Di Perth, Dea belajar hidup mandiri. Dia memasak sendiri, mencuci baju sendiri, dan menyiapkan segala sesuatunya sendiri.
“Enam bulan aku sekolah bahasa di Perth. Selesai sekolah, aku balik lagi ke Jakarta. Ternyata, aku hamil anak pertama. Akhirnya aku enggak jadi kuliah. Akhirnya aku disekolahkan di S-3 Fakultas Hukum Universitas Padjajaran. Sekarang masih kuliah,” wanita yang piawai membuat tiramisu, makaroni skotel, dan kue kering ini mengatakan.
Dea lebih memilih dunia kepengacaraan ketimbang dunia hiburan bukan tanpa alasan. Dea sejak kecil tertarik dengan hal-hal yang serius.

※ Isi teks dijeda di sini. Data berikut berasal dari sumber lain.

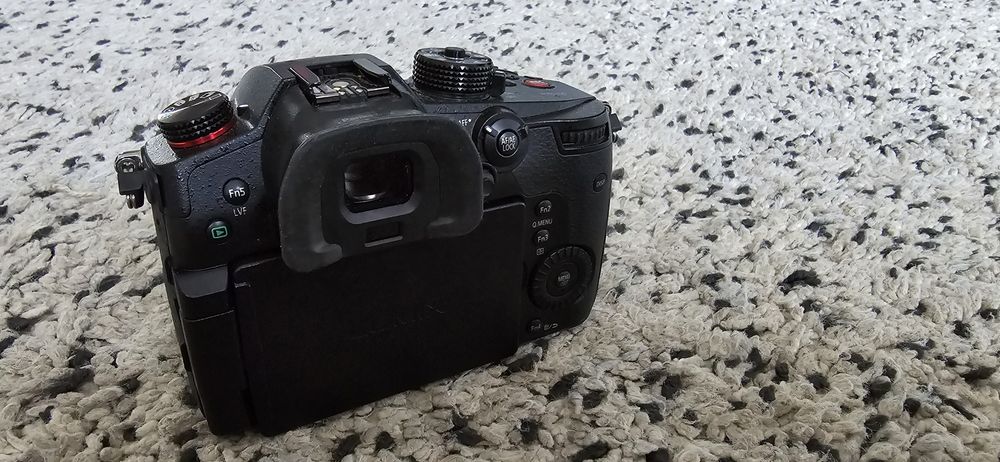 Panasonic lumix gh5s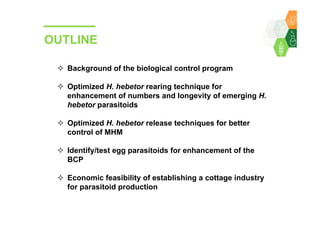 Towards development of a parasitoid cottage industry in the Sahel for biological control of the millet head miner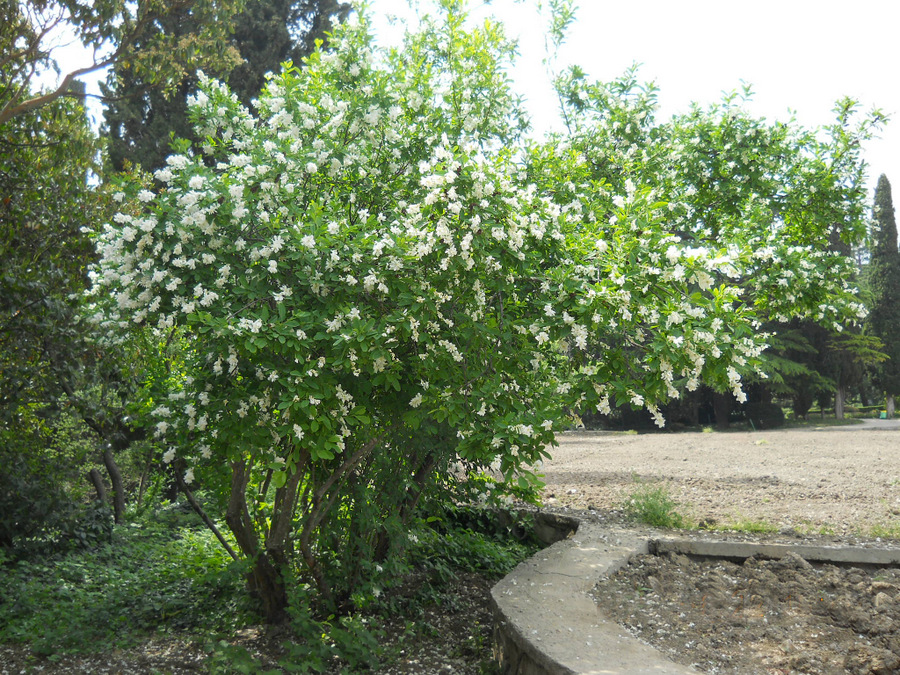 Image of Exochorda korolkowii specimen.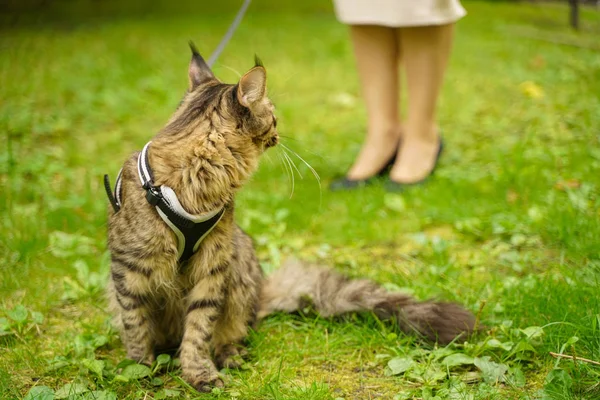 Magnifique chat gris maine coon en laisse et harnais marchant dans le parc de la ville sur l'herbe verte — Photo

“Waktu kecil, kalau keluarga berkumpul dan mengobrolkan yang serius-serius, aku tertarik. Aku perhatikan mereka sambil berpikir. Enggak kayak anak-anak seumuran,” kenang Dea.

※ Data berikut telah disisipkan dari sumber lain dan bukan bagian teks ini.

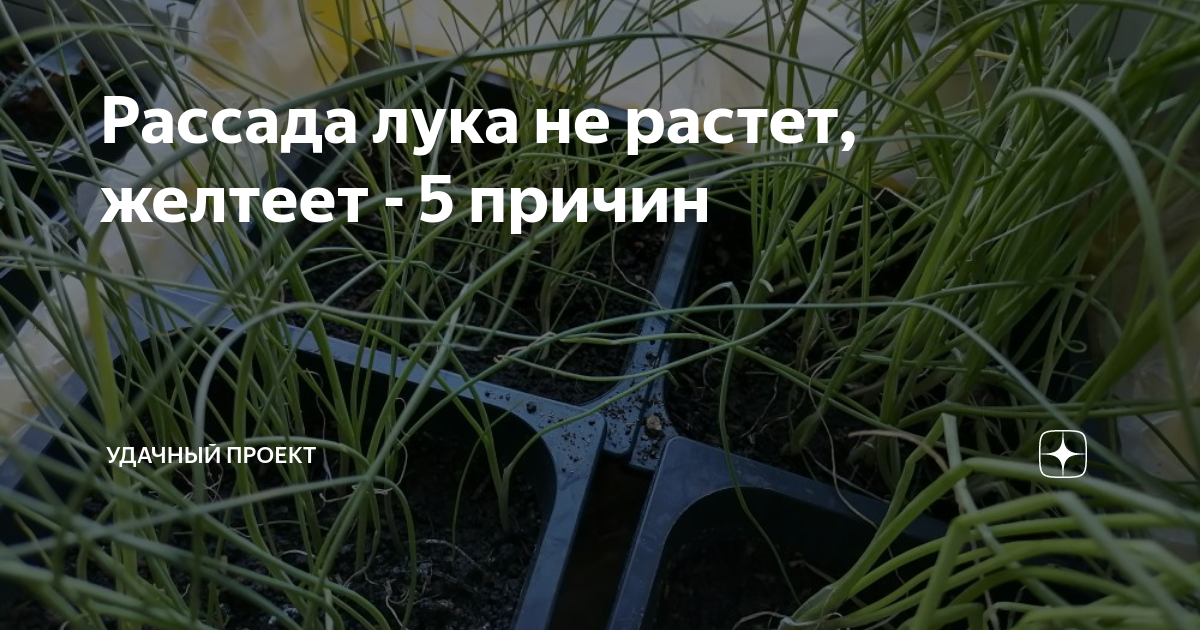 Рассада лука не растет, желтеет - 5 причин | уДачный проект | Дзен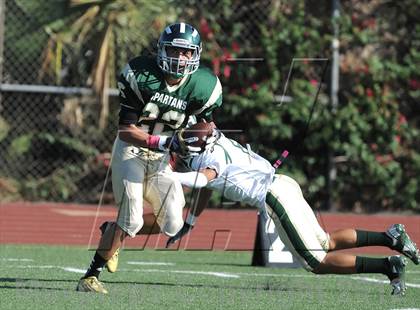 Thumbnail 2 in South Hills @ Damien photogallery.
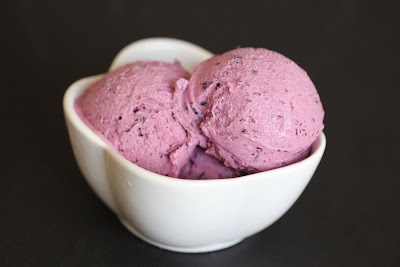 photo of a bowl of blueberry ice cream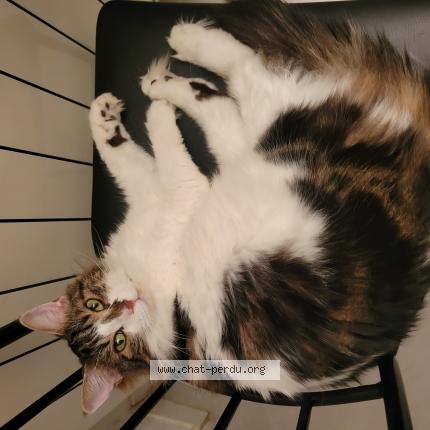 Photo 1/1 Yumi Chat lost in Bedarrides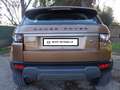 Land Rover Range Rover Evoque Range Rover Evoque 5p 2.2 td4 Dynamic150cv auto 9m Bronzo - thumbnail 6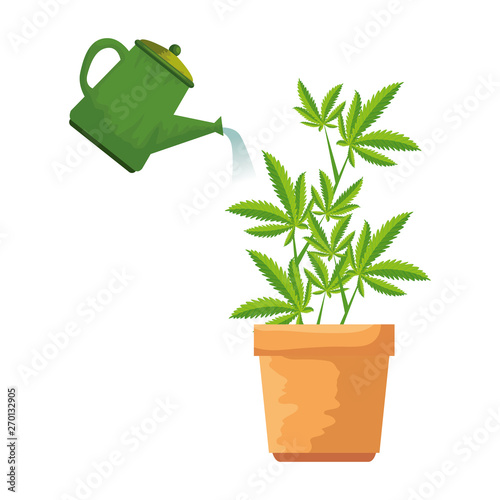 cannabis plant in pot with water sprinkler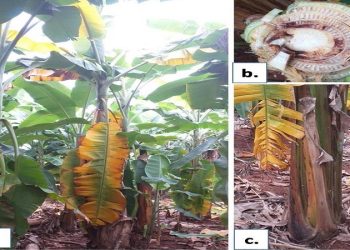 Banana Crops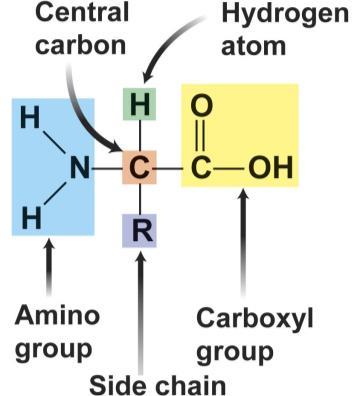 Amino Acid Structure Figure 2.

“Begitu sudah gede, aku nimbrung kalau keluarga ngobrol serius. Aku suka baca berita di koran. Dunia hukum menarik buatku. Aku suka membandingkan penegakan hukum di Indonesia dengan di luar negeri; yang gap-nya masih jauh. Saya tertarik akan bagaimana caranya bisa memperbaiki hukum Indonesia,” ungkap Dea.
Dia merasa tidak punya bakat di dunia hiburan. Jadi, ketika menjalaninya, kalau orang lain ingin maju, dia justru tidak.
“Intinya, di dunia entertainment aku iseng mau cari uang sendiri,” tegasnya. Passion Dea hanya dunia hukum.
“Menjadi advokat itu seru karena sangat dinamis, menghadapi perkara-perkara yang berbeda baik dari segi fakta hukum maupun orang-orangnya,” pungkasnya.
Menanggapi pandangan orang bahwa profesi pengacara itu berisiko menghadapi ancaman dan teror, Dea justru berkata, “Seharusnya yang mendapat tekanan atau ancaman itu hakim, karena mereka yang memutus. Tapi alhamdulillah sampai sekarang aku enggak pernah mendapat ancaman atau teror.”